__Try it__: Once the line holding "cm longQTY: (1)" is found in the entries below, transcribe exactly every line up to and including the one holding "No alterations", but leave out the pictures.

__Available data__:

• • • • • • •

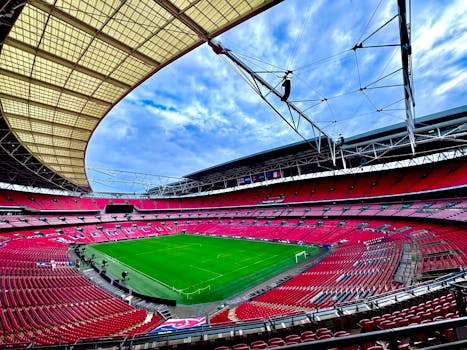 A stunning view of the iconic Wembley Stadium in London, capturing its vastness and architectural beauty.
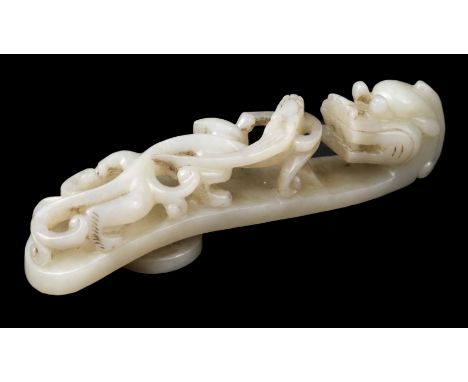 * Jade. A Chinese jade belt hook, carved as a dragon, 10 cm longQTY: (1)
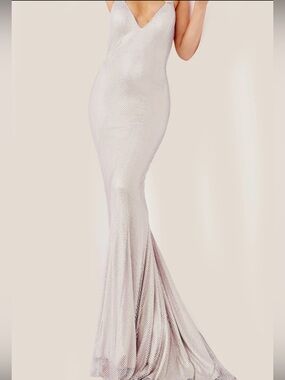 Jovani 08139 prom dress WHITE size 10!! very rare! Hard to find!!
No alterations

• • • • • • •

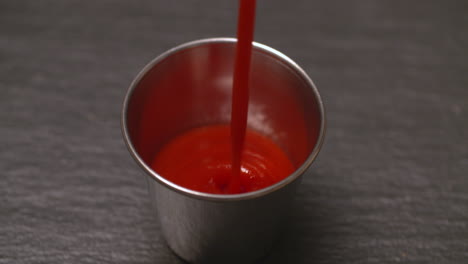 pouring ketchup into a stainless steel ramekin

• • • • • • •

__Solution to the problem__:
 * Jade. A Chinese jade belt hook, carved as a dragon, 10 cm longQTY: (1)
 Jovani 08139 prom dress WHITE size 10!! very rare! Hard to find!!
No alterations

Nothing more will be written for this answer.